Segment Start: RECORDS FOR THIS EXERCISE
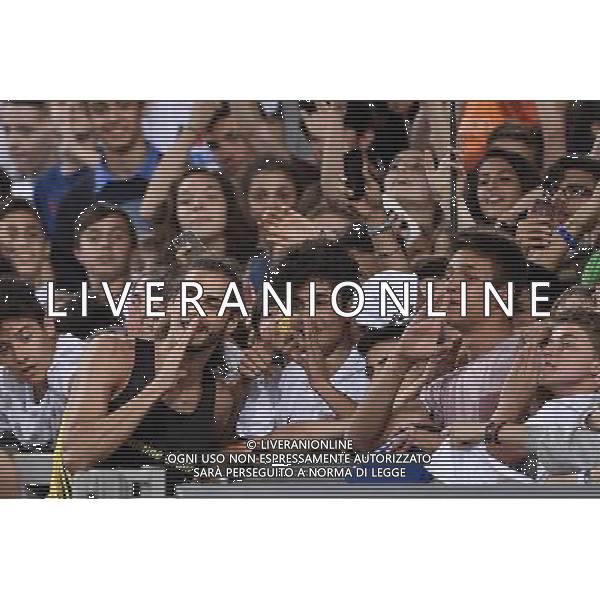 Golden Gala Roma 2016 Roma - 02.06.2016 - Stadio Olimpico - nella foto: Gianmarco Tamberi saluta i tifosi / Ph. Corradetti - AGENZIA ALDO LIVERANI SAS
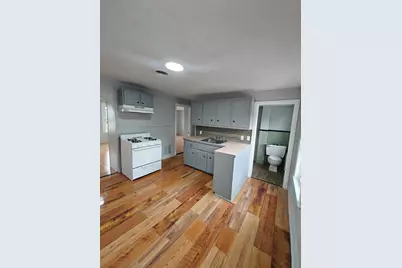 106/118 Wilcox Street #6, Fall River, MA 02720 - Photo 4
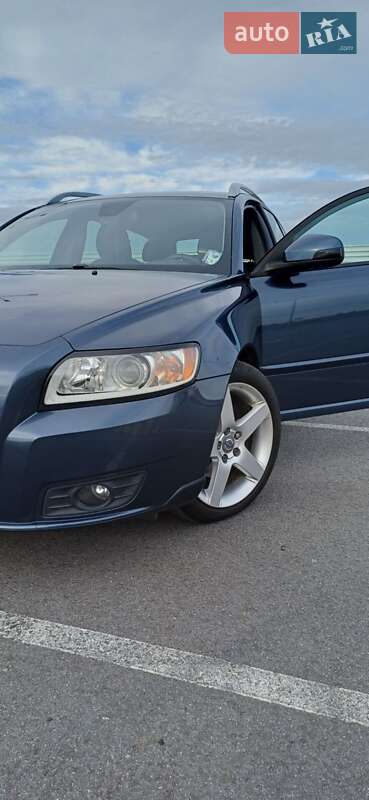 Універсал Volvo V50 2010 в Львові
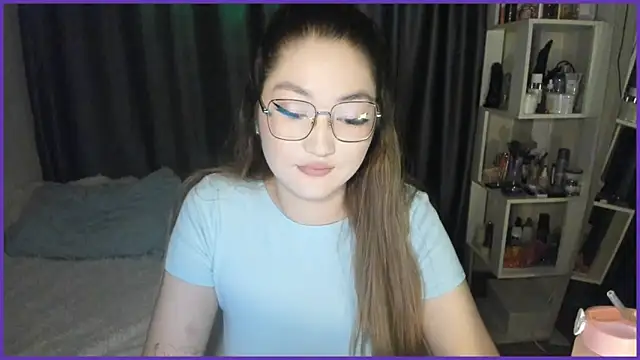 Snapshot of lyra_x chatting on 1, 10, 2025 lyra x online show from 1, 10, 2025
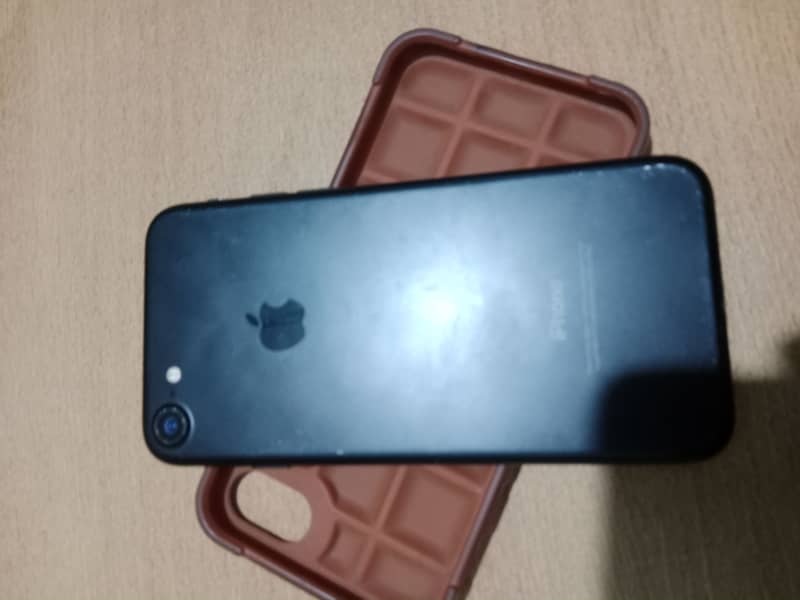Apple iPhone 7 3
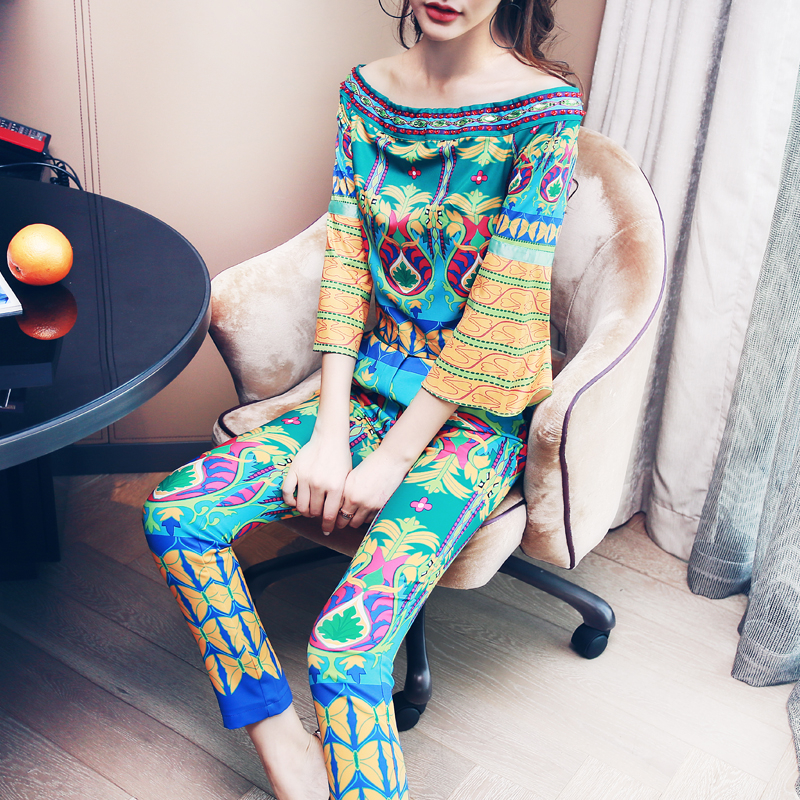 s秀一字肩小心機網紅洋氣時髦復古漏臍港味時尚套裝女夏2018新款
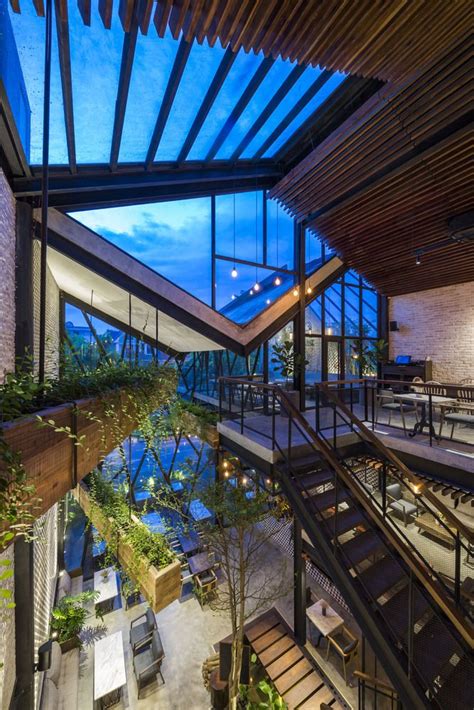 Gallery of An’garden Café / Le House - 54 | Courtyard cafe, Garden cafe, Cafe interior design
Segment End: RECORDS FOR THIS EXERCISE
## HOW TO COMPLETE THIS TASK
Repeat each line above exactly. The pictures stay out.

## ANSWER TO THIS TASK
 Golden Gala Roma 2016 Roma - 02.06.2016 - Stadio Olimpico - nella foto: Gianmarco Tamberi saluta i tifosi / Ph. Corradetti - AGENZIA ALDO LIVERANI SAS
 106/118 Wilcox Street #6, Fall River, MA 02720 - Photo 4
 Універсал Volvo V50 2010 в Львові
 Snapshot of lyra_x chatting on 1, 10, 2025 lyra x online show from 1, 10, 2025
Apple iPhone 7 3
 s秀一字肩小心機網紅洋氣時髦復古漏臍港味時尚套裝女夏2018新款
 Gallery of An’garden Café / Le House - 54 | Courtyard cafe, Garden cafe, Cafe interior design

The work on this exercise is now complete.